Why full-count?
Baseball is a slow game with a lot of tiny events. Six fouls over nine pitches, a stolen base on a full count, a weird 4-6-3 that was almost a 4-3 — the ordinary scorecard apps built for phones can't keep up, and the big-league trackers are overkill for the bleachers or the couch. full-count aims straight at the middle: serious scorekeeping, zero ceremony.
A TUI, not a GUI
Scoring a game is a keyboard activity the way chess is a keyboard activity. Your hands settle
into a rhythm and every keystroke carries a meaning: B for ball,
F for foul, 1 for a single.
A terminal UI is the honest medium for that. No mouse hunting, no gesture lag, no layout shifts when a modal pops up. Just characters in, characters out, at 60 Hz, on every machine from a Raspberry Pi to a laptop. If you already live in a terminal, full-count feels like home.
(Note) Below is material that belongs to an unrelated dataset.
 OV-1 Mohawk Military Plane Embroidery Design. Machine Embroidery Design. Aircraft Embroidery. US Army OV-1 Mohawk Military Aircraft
Keyboard-first, every single action
There is no feature in full-count that requires more than a handful of keystrokes.
Pitches are one letter. Hits are one digit. Fielder's notation is typed the way it's
spoken — 6-4-3 is literally three keys, a hyphen, three keys, enter. The
RBI prompt is a single digit. Even substitutions and wild pitches fit in seconds.
You can run the entire application without ever moving from the home row.
Real scorekeeping, not a box score
full-count doesn't just remember the result of an at-bat — it remembers the sequence: every ball, strike, foul, and base advancement, in order, with enough fidelity to reconstruct the game pitch-by-pitch. That enables three things nobody else gives you for free:
- A real replay mode that walks through the game as it happened.
- A paper-style HTML scorecard export that a human can actually read.
- A 100-level undo stack for when the batter just fouled off a strike you already recorded as a ball.
No servers, no telemetry, no accounts
The app runs entirely on your machine. Saves are plain JSON under
~/.full-count/saves/. Exports are plain HTML under
~/.full-count/exports/. Nothing phones home. Nothing asks you to sign in.
You own your games.
Rust, because the game runs forever
A scorekeeper app that crashes in the seventh inning is worse than useless. Rust gives us a binary that starts instantly, holds up under long-running sessions, and fails loudly instead of silently. The panic hook restores your terminal so you never end a game staring at a busted prompt. 137 tests (and counting) keep the edge cases honest.
full-count is deliberately not a streaming/broadcast tool. It's a scorekeeper's notebook. If you need play-by-play graphics or a public API, you want a different project. If you want to keep score the way your grandfather did — but faster, with undo — you're in the right place.